Dans ce bulletin, nous vous proposons :
* Si vous vous demandez pourquoi « Athènes » est au pluriel, c’est parce que c’est linguistiquement logique – même si c’est ancien – et géographiquement cohérent (article en anglais).
* Les hommes qui ont inventé la mythologie ont eu de drôles d’idées : les habitantes de Lemnos, maudites par Aphrodite, tuèrent les hommes de leu île, mais Hypsipyle arriva à sauver son vieux père. Ça fait des histoires fascinantes, mais bien tarabiscotées quand même (article en anglais).
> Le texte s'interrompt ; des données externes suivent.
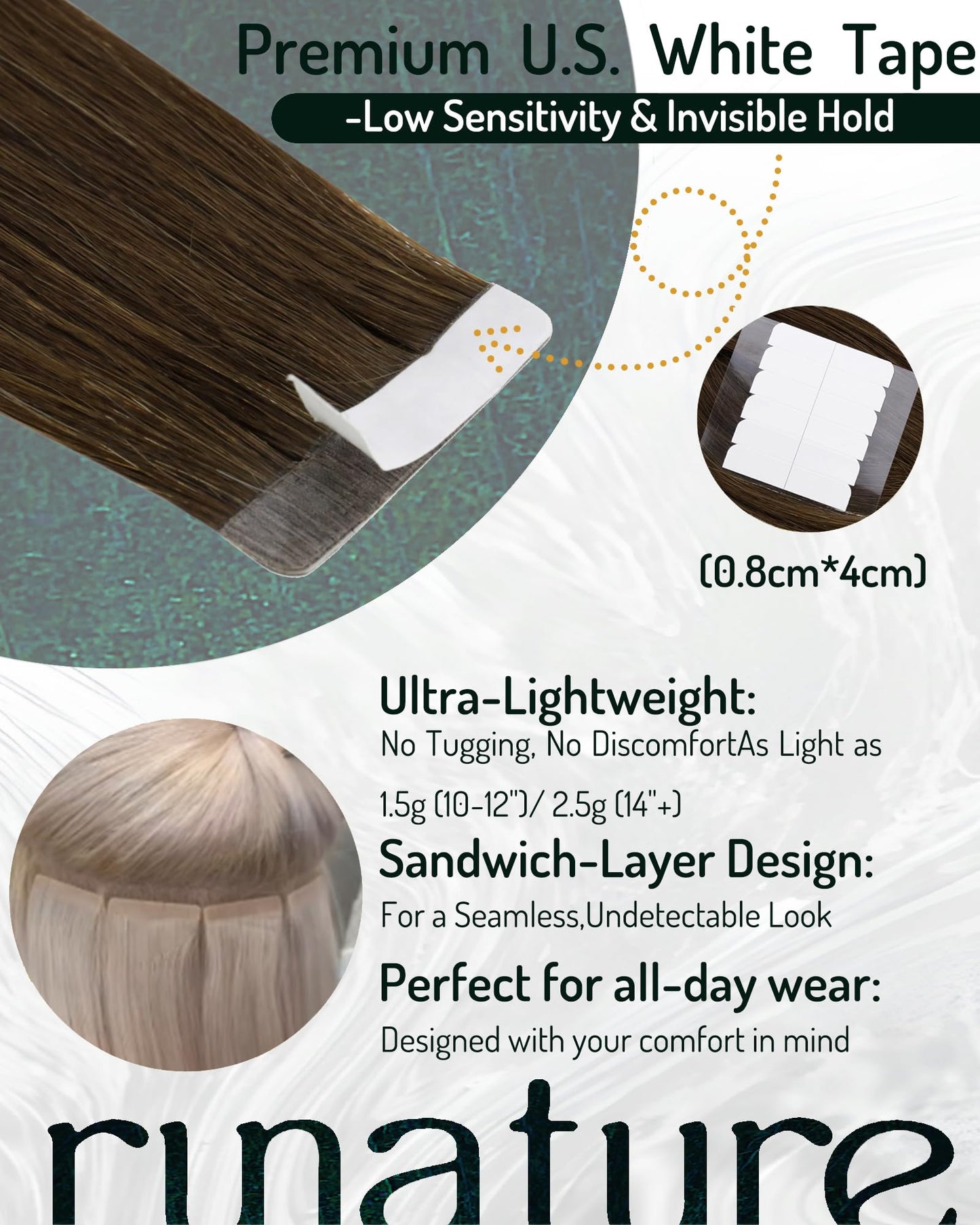 RUNATURE Brown Human Hair Tape in Extensions 14 Inch Brazilian Straight Tape in Remy Hair Extensions Skin Weft Glue in Extension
* Olympie - et ses fameux jeux – est une ville charmante, mais n’oublions pas Delphes et ses jeux pythiques en l’honneur d’Apollon (article en anglais).
* Les Romains avaient des pratiques funéraires variées. Des fouilles récentes de l’Inrap (Institut national des recherches archéologiques préventives) dans l’ancienne Olbia, près d’Hyères dans le Var, ont révélé une zone de crémation dans la nécropole étudiée (article sur le sujet en français ou en anglais).
* Avec des « si », on met Athènes en amphore, mais il est frustrant de se dire que Démocrite avait eu une excellente intuition au sujet des atomes et qu’Aristote a contré son idée et a influencé la science pendant des siècles (article en anglais).
* « Tous les chemins mènent à Rome »… c’est bien connu. En revanche, ce qui avait été oublié, c’est le nombre de kilomètres de routes utilisées par les Romains. Des chercheurs se sont penchés sur la question et ont découvert qu’il y avait deux fois plus de routes que nous ne le pensions. Ils ont fait une petite vidéo sur leurs découvertes et les routes peuvent être explorées sur le site qu’ils ont créé (en anglais – version courte et version longue).
* Entre 1801 et 1804, Thomas Bruce, Lord Elgin (septième comte du nom), se débrouilla pour soudoyer les Ottomans qui occupaient la Grèce et il eut recours à des Italiens pour s’emparer sans le moindre ménagement de certaines frises du Parthénon à Athènes. Il ramena ces œuvres afin de décorer sa demeure écossaise, mais il finit par les vendre au British Museum, où elles se trouvent encore – malgré les demandes répétées du gouvernement grec (le nouveau musée de l’Acropole a été spécialement construit pour accueillir ces pièces car les Anglais refusaient de les rendre si leur conservation n’étaient pas assurée dans de bonnes conditions. Londres refuse encore de restituer les sculptures dérobées par ruse, corruption et arrogance colonialiste).
Un tout nouveau documentaire, The Marbles, va même jusqu’à suggérer que le document ottoman présenté par Elgin afin de dire qu’il était autorisé à prendre des statues du Parthénon était un faux (il n’y en a aucune trace dans aucune archive).
Les statuts du British Museum (depuis 1963… ils auraient pu les restituer bien avant) font qu’ils ne peuvent les rendre sans une décision directe du gouvernement – qui fait la sourde oreille (articles et bande-annonce du documentaire en anglais).